Specific Transactions and Their Implications

One notable transaction involved the exchange of Chinese cars for Russian wheat. According to trade sources, Chinese partners requested payment in grain, while Russian counterparts purchased grain with rubles. The exact volumes and mechanisms of value determination remain unclear.

Other transactions include the exchange of flax seeds for household appliances and building materials from China. A specific deal registered in a 2024 customs statement was estimated to be worth around $100,000. China is a major importer of Russian flax seed, used in industrial processes and as a nutritional product.

Additional transactions involve metals traded for machines, Chinese services swapped for raw materials, and a Russian importer purchasing aluminum to pay a Chinese company. Some deals even involved Pakistan.

Some barter transactions have allowed the import of Western goods into Russia despite sanctions, although details remain undisclosed. At the Kazan Expo business forum, Chinese companies highlighted settlement issues as a barrier to bilateral trade. Xu Xinjing, chairman of Hainan Longpan Oilfield Technology Co., Ltd, suggested that barter could offer new opportunities in the current economic climate.

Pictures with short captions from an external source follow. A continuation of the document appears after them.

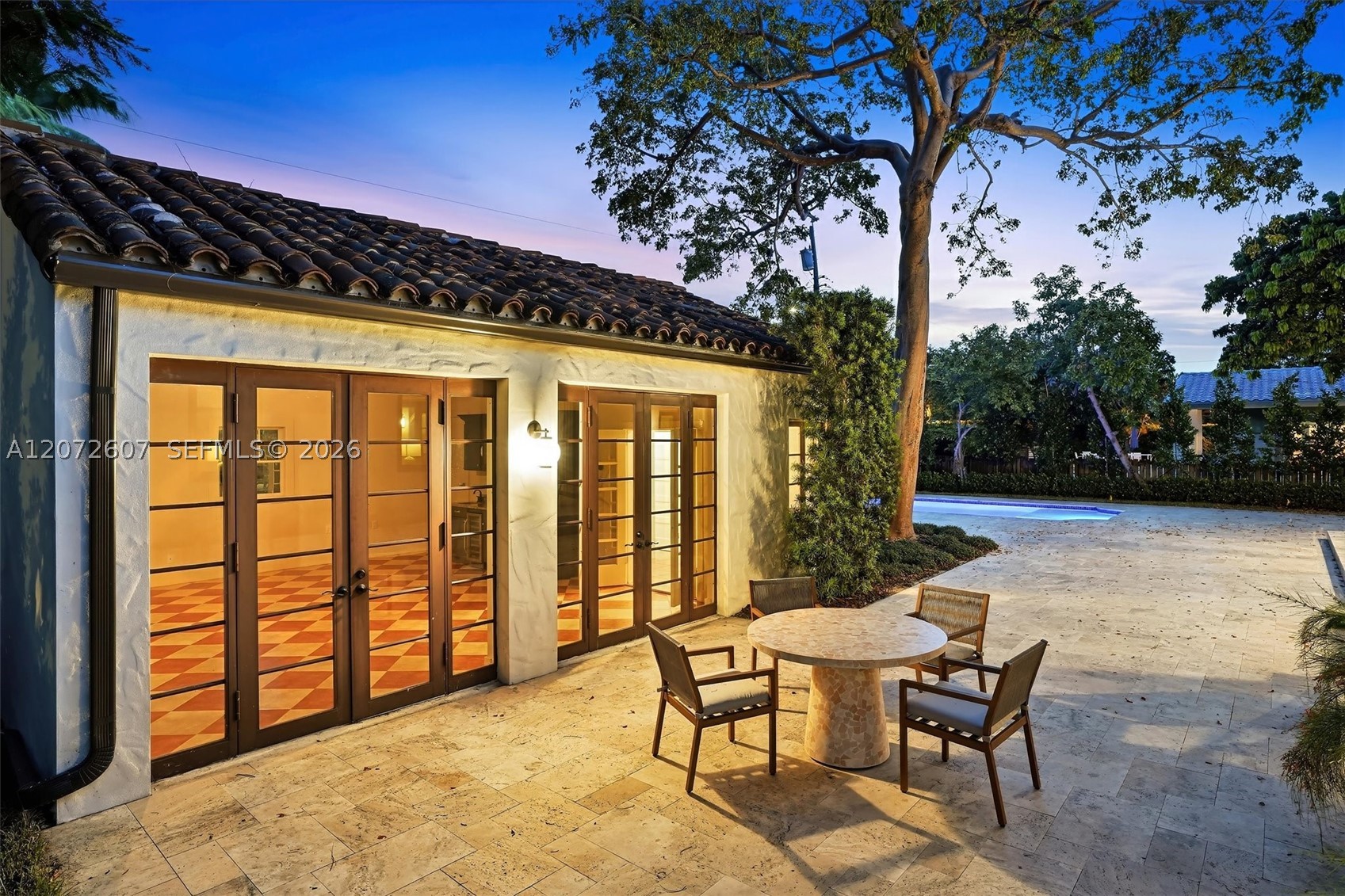 622 NE 98th St, Miami Shores FL 33138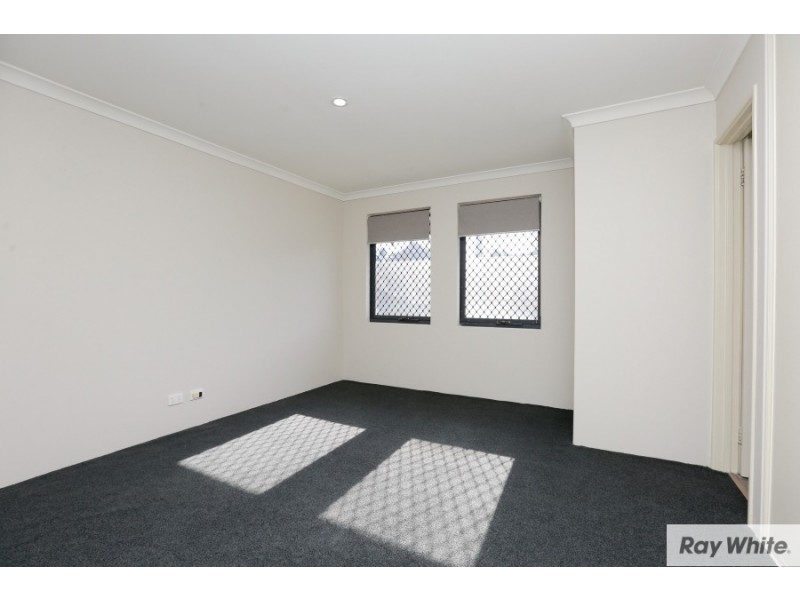 16/22 Gochean Avenue, Bentley WA 6102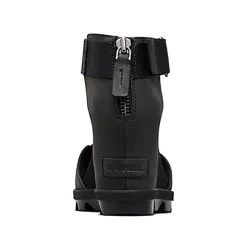 Joanie II Ankle Strap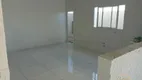 Foto 5 de Casa com 2 Quartos à venda, 70m² em Parque Vista Barbara, Sorocaba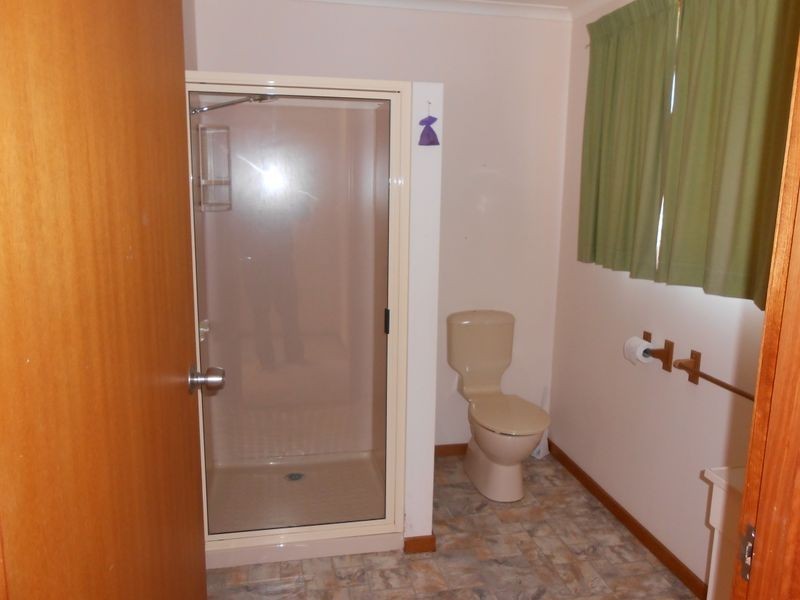 25 Chimney Heights, Stieglitz TAS 7216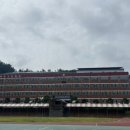 동지여자고등학교 이미지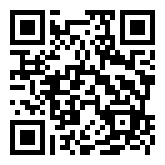 挑战答题助手二维码下载图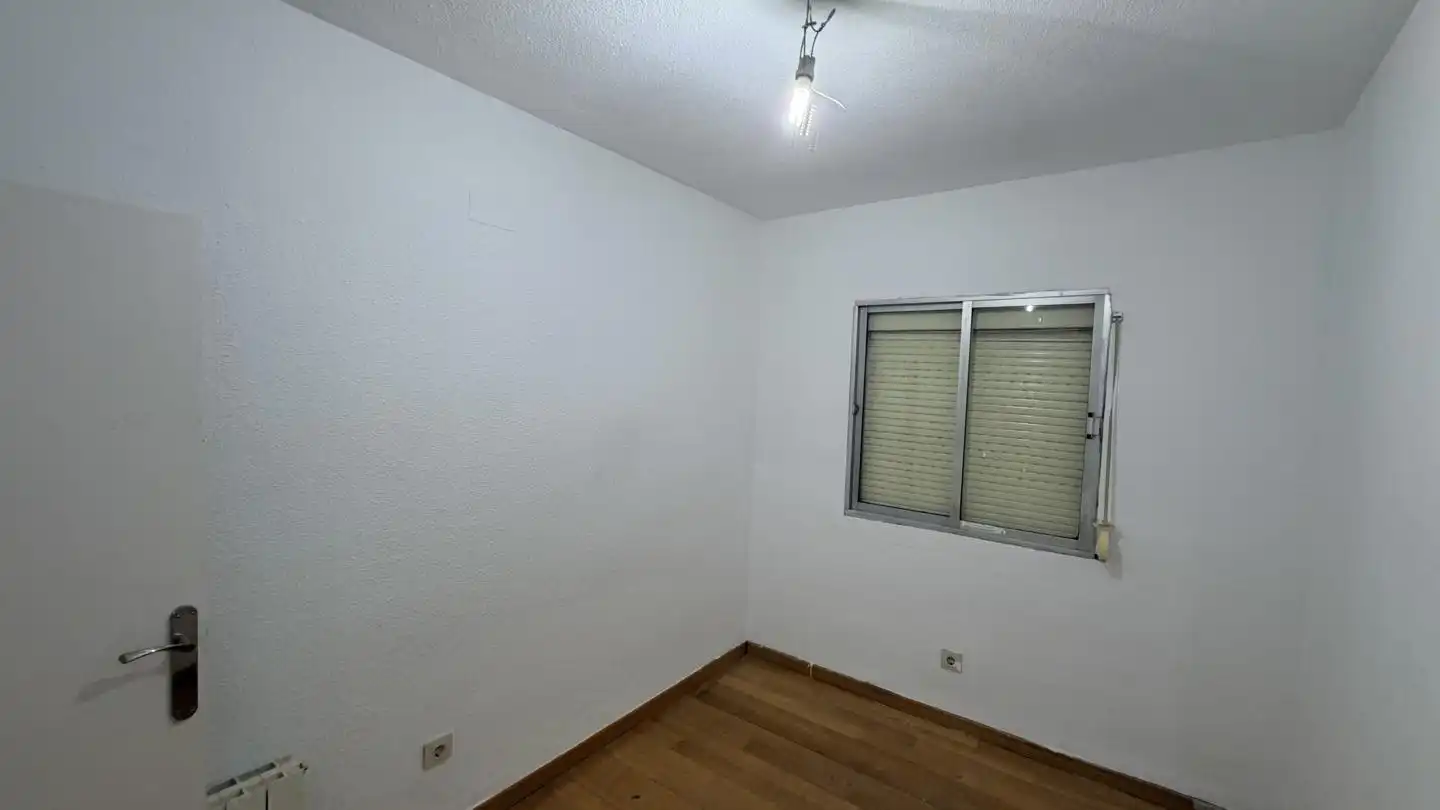 Piso en venta en Calle Acebes, imagen 12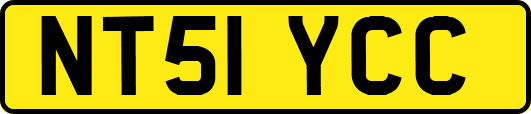 NT51YCC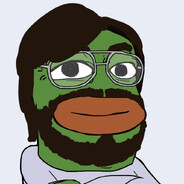 Normie
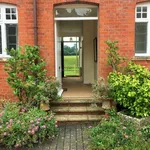 Rent 2 bedroom house in South West England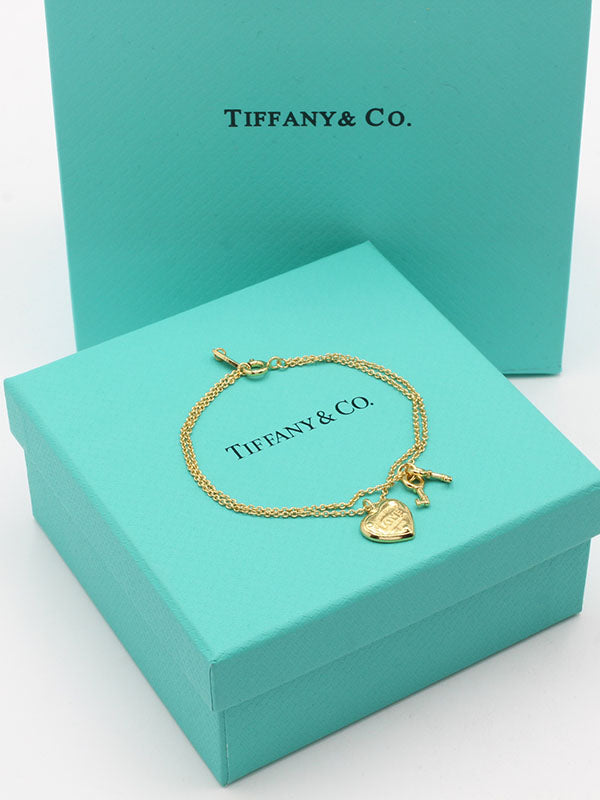 اسواره تيفاني دبل شاين كي لوقو اسواره tiffany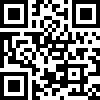 https://khabaronline.ir/xjsY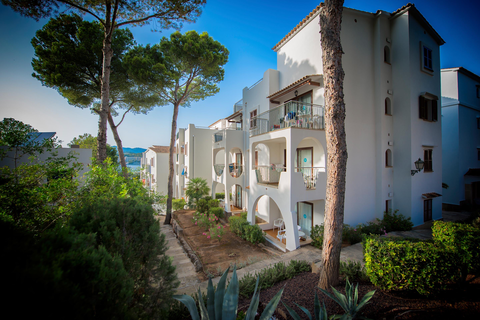 Flipflop Surfing Playa foto 19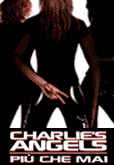 Charlie's Angels - Pi che mai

Historical Context and Modern Challenges

Barter was prevalent in the 1990s following the Soviet Union's collapse. It led to economic chaos as contingent deals were made for various goods, creating pricing scams and making value determination difficult. Today, while there is ample money, barter is driven by the evolving threat of Western sanctions on both Russia and China.

Russia views Western sanctions as illegal, while China criticizes them as discriminatory. Other workarounds include the use of "payment agents" and cryptocurrencies pegged to the U.S. dollar. Small businesses are actively using crypto, while others rely on offsets or diversified accounts with different banks.

Sergey Putyatinsky, vice president for operations and IT at BCS, noted that the economy is surviving through multiple payment methods. He emphasized that no single technological solution exists yet, and businesses are applying 10-15 different approaches simultaneously.